The bottom line is that both parts of the Baltimore defense combined on a stellar performance in Saturday's 36-8 rout of the Birmingham Barracudas. It was a show that, besides putting Baltimore (4-1) alone atop the Canadian Football League's Southern Division for the first time this season, solidified the Stallions as the league's premier defense.

The Stallions have surrendered only 21 points in the past 10 quarters.

Birmingham (3-2) entered on a two-game winning streak, having scored 75 points in those victories behind quarterback Matt Dunigan. The Barracudas finished with a bruised run-and-shoot offense that produced only 10 first downs, 11 rushing yards and 150 total yards.

"To go in there and give up only eight points, the defense just did a spectacular job. That was the main part of what happened out there," Baltimore coach Don Matthews said.

"We've got a good defense, and our coaches did a great job of putting together a great game plan with a big-time pressure package."

The Stallions did nothing fancy. They countered Birmingham's one-back, five-receiver set by playing with six defensive backs and one fewer linebacker. They assigned their defensive backs to cover the Barracudas man-to-man all night and relied on a four-man rush to bother Dunigan.

"That's the way most teams will probably play them," Matthews said.

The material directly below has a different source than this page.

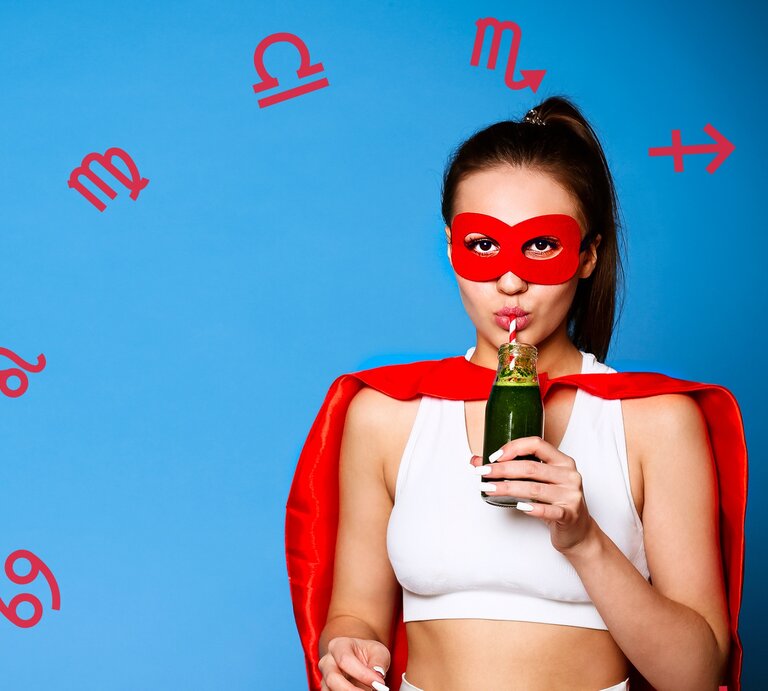 ine junge Frau trägt eine rote Superheldenmaske und ein passendes rotes Cape, während sie einen grünen Smoothie aus einer Flasche mit einem Strohhalm trinkt. Sie trägt ein weißes Sport-Top und steht vor einem blauen Hintergrund, umgeben von roten astrologischen Symbolen verschiedener Sternzeichen. | © Chikovnaya und dashapetrenkophotos via Canva.com [M]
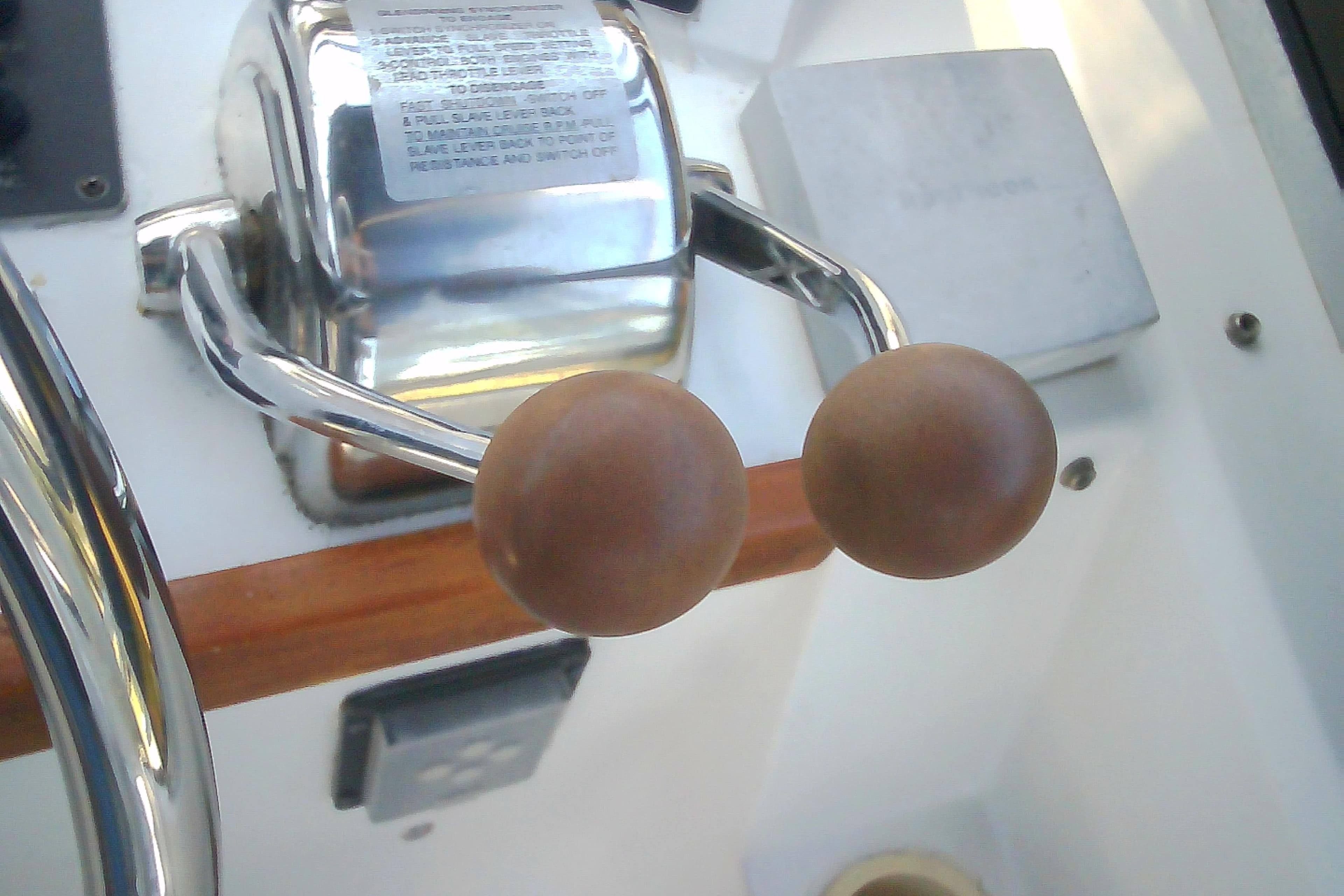 Throttle controls on a 1999 Sabre 34 boat, featuring wooden handles and chrome finish.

But most teams probably will not succeed as brilliantly as the Stallions did. They sacked Dunigan four times, intercepted him three times -- by three different defensive backs -- and overcame injuries and other problems while doing it.

Early in the second half, Baltimore lost rush end Elfrid Payton to an ejection for fighting after a Baltimore punt return. Later, cornerback Irv Smith departed with some lower back pain, although Smith did return. Cornerback Gary Wilkerson did not return after pulling his left hamstring in the fourth quarter.

No big deal. Cornerback Corris Ervin, just activated off the practice squad, stepped into Wilkerson's spot and played well, knocking down a deep pass as Dunigan tested him quickly. Brigance, originally penciled in to share time with strong-side end Grant Carter, ended up playing in Payton's spot for most of the second half and looked like the rush end who was one of Baltimore's most consistent players last year.

"We have athletes all over the field, guys everywhere who can step in," said Brigance, who sacked Dunigan in the end zone in the fourth quarter for a safety. "A lot of teams can't play that much man defense, but we have guys in the backfield who can cover one-on-one, and that gives us time to pressure the quarterback. That's a real asset."

Anthony begged to differ.

"I give all of the accolades to the defensive line. They made our job easier all night," he said. "With all the receivers they [Barracudas] use, they try to mix you up, get your defense thinking about too many things. The advantage is having a line like we have. It was just our night."

Baltimore's offense didn't exactly take a back seat. Behind running back Mike Pringle's season-high 137 rushing yards and Ham's three first-half touchdown passes, the Stallions scored the game's first 13 points, then rolled up 450 yards. "We executed just like it was drawn up," Pringle said.

Now it's on to the toughest leg of this 10-day road trip for the Stallions, who take on the powers of the Northern Division. On Wednesday, Baltimore will play in Edmonton, then will face undefeated Calgary on Sunday.

"This was a big test for us," Brigance said. "These next two games are really huge."

NOTES: Matthews said he doesn't expect Wilkerson to play Wednesday. He also was upset at Payton for the flagrant foul that caused his ejection. "There's no excuse for it. A bad, bad decision. Certainly, the league will fine him a sizable amount." . . . In their four victories, the Stallions have outscored their opponents, 157-62. . . . Punter Josh Miller averaged 50.1 yards on nine punts and hit punts of 70, 65 and 58 in succession. . . . Linebacker Jason Bryant (sprained ankle) is questionable for the Edmonton game. Irv Smith (back) and offensive tackle Shar Pourdanesh (twisted right ankle) are expected to play.